Dribs and Drabs

ランダムな読書歴に成り果てた

小澤匡行『東京スニーカー史』リットーミュージック

「なぜ〈エアマックス95〉に多くの日本人が熱狂したのか」については,誰も言及していない。この一抹の不思議に端を発し,それがこの本の取材の原動力になっている。

Air Max 95 は本書のクライマックスだけど,「すべてのムーブメントは,一本のストーリーで繋がっている。」という冒頭のフレーズがいうように,本書はそのクライマックスの前後をストーリーをして描いている。

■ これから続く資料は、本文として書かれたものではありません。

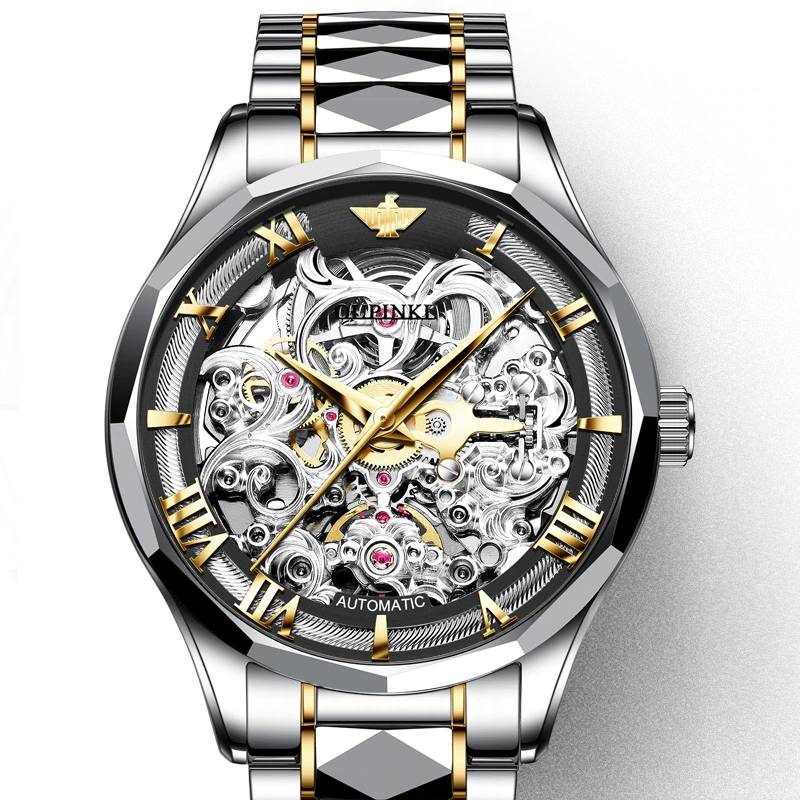 OUPINKE Mens Automatic Mechanical Watches Tungsten Steel | Jewelry Addicts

最初のメーカーの黎明期の記述は他で見たことのある内容(の大まかなサマリー)なので目新しいものはないが,その後はぐいぐい面白くなってくる。「本書は地の文と証言,過去の雑誌や書籍からの引用文で構成されている」という,その構成手法は洗練されているとは思えないが,でもこうせざるをえなかったというのはよく伝わってきた――「証言を多用したのは,自分の表現に変化された瞬間に,取材対象者の実感を伴ったエピソードに含まれた思いが捨象されたくなかったからだ」*1

最後にある「名作スニーカー図鑑」。これはスニーカー初学者にはありがたい。

それにしても,藤原ヒロシの影響力,すげーな。

589.25

東京スニーカー史 = Tokyo Sneaker History (立東舎): 2016|書誌詳細|国立国会図書館サーチ

*1:まぁこの一文をとってみても「洗練」とはほど遠い――それっぽいものを書こうとしているのは分かるけど――のが分かるけれど。